C-35. Ask yourself

It may well seem paradoxical, perhaps even nonsensical, to ask questions of oneself if one is in need of information. (Although the non-responsiveness, and sometimes the resistance, of others to being questioned can dissuade one from seeking information from them.) However there is nothing paradoxical or nonsensical about addressing questions to our self – if one doesn’t equate that with only asking questions about oneself. (Note the ambiguity of “Know thyself.” Know for oneself? Know by oneself? Know about oneself?)

In our condition of incomplete instruction, because partial order is in the Nature of Things (III), being informed is only one resource (and that subject to the risk of misinformation and/or misunderstanding). Self-informing is crucial, most notably for the composing we might do to achieve compositional, rather than just circumstantial change (II).

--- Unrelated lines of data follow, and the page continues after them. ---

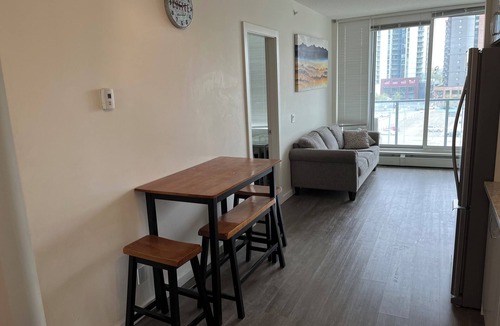 East Village Condo | Downtown Calgary 2bed 2 full bath condo next to library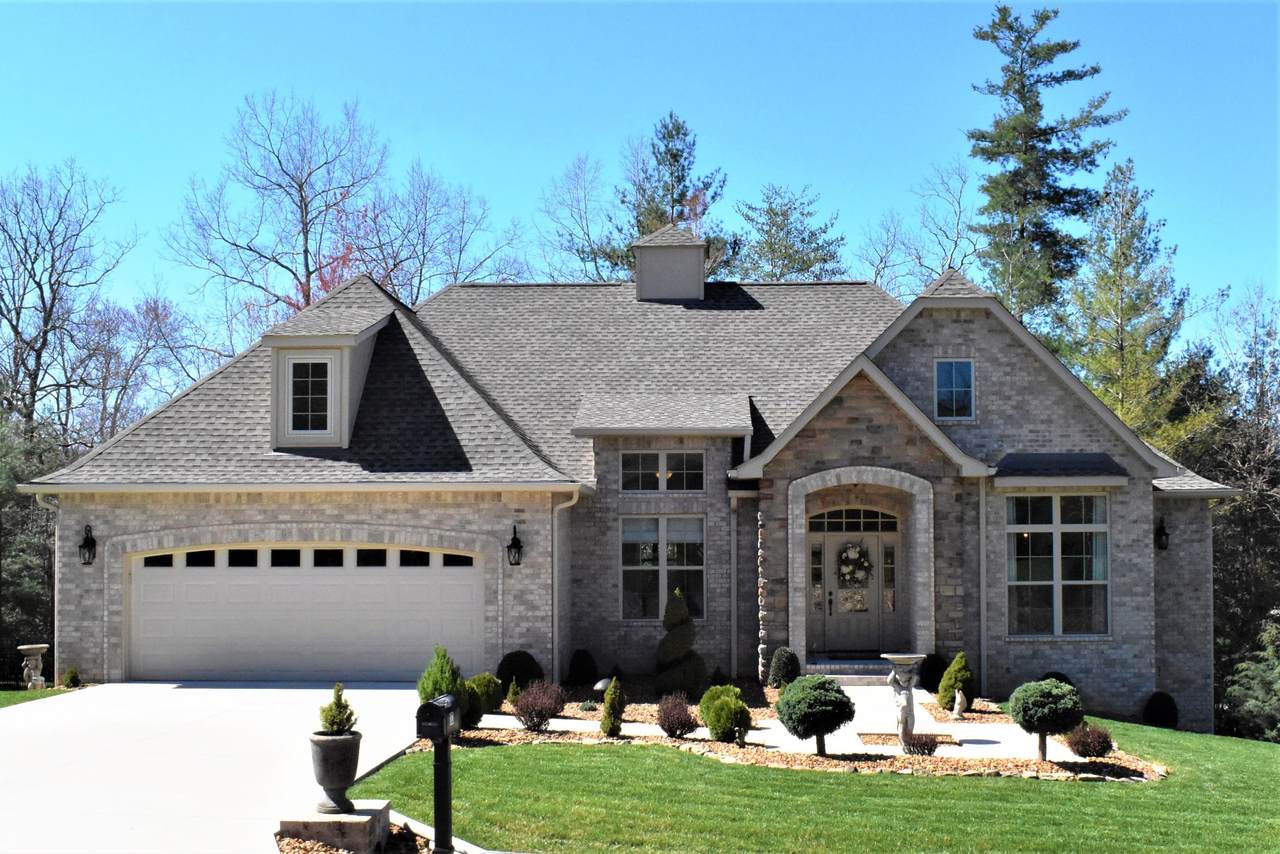 10 Inwood Drive - Photo 1
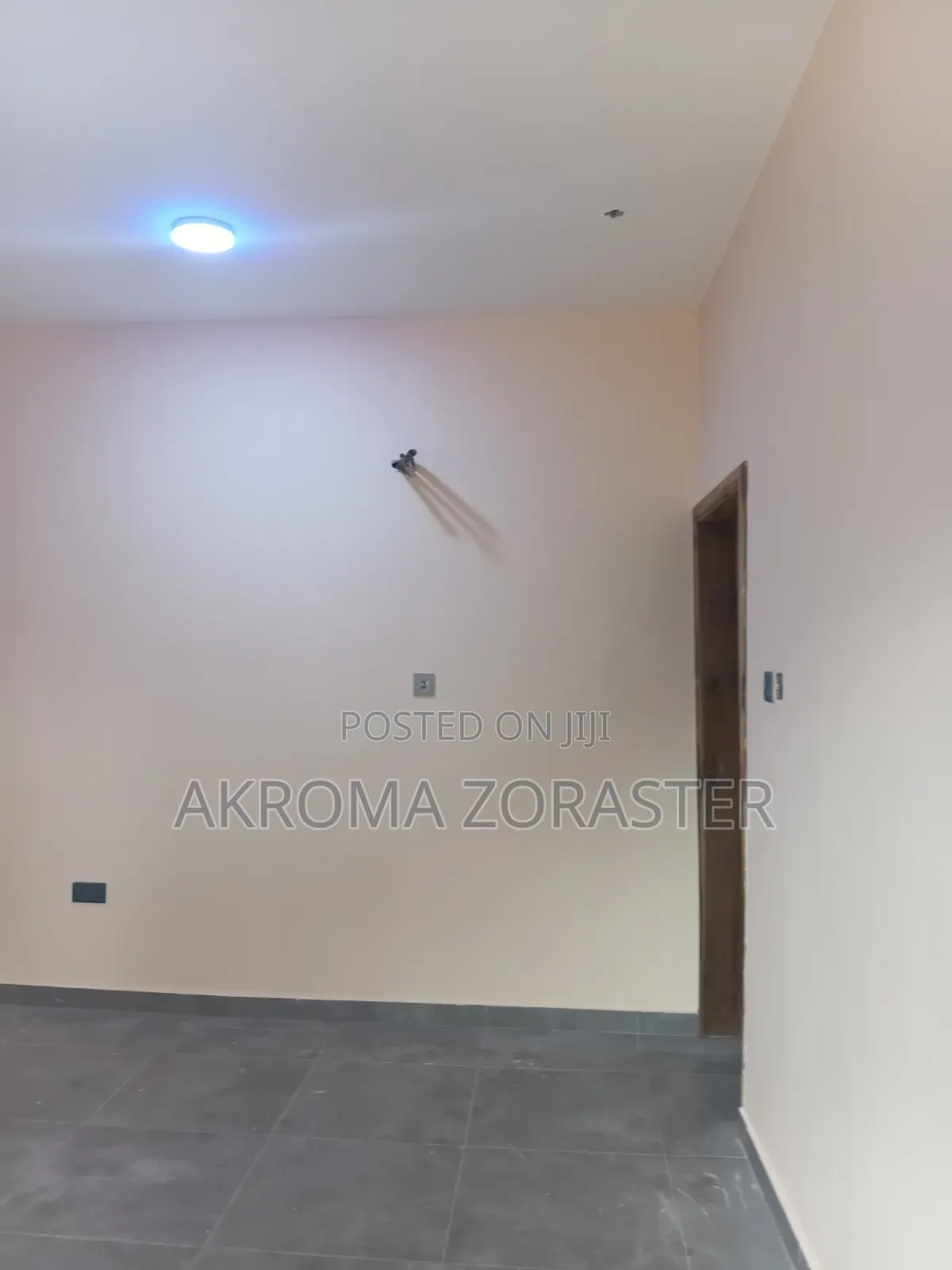 1bdrm Room & Parlour in Ages Properties, Market for rent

We may talk of this in terms of curiosity and imagination, as we have been (C-33, C-34), but the crux of the matter is the needed capability, the capability that can be employed productively whether asking self or someone else a question.

This becomes salient educationally when we consider the worse-than-ironic relationship between trying to engage student curiosity and not doing very much to develop it. Elementary and secondary schools’ instruction-heavy regime (XI: learning/knowing > l) needs help to get and hold attention to instruction. But are they knocking at a door they themselves leave closed?

As noted before (App. IV), that which is elementary and needed for life and work in our communities is not all that basic. (Too much adopt and adapt, not enough adept.) The capability to inform oneself as well as to be informed is very basic. It is what the combined strength of cognition and communication (App.III) has laid the groundwork for. But cognition and communication need nurturing and exercise. They need more technological help than they have been getting.

Pointed questioning (X) offers such a technology. Based on cognition and communication capabilities, it gets us into the composing mode, prepared to build by adding something, by specifying the cognitive components – i.e., relating and relations, things and thingks as elements – that go into producing relationships. When developed, this capability not only enhances our inventive and creative efforts. It also improves our understanding of relationships already produced or discovered (newly discovered or not). It is both a path into the future and a guide into the past.

Asking yourself questions and developing the capability to better do so get directly at the behavioral problem (I:Pbeh), preparing us not just for the situations we encounter but also for situations of our own making. Our collective experience in solving situational problems has not paid enough attention to the behavioral problem – ex post facto lamenting of inadequacies excepted. (The dysfunctionality of that lamenting has been made greater by ascriptions then to responsibility instead of capability [XI].)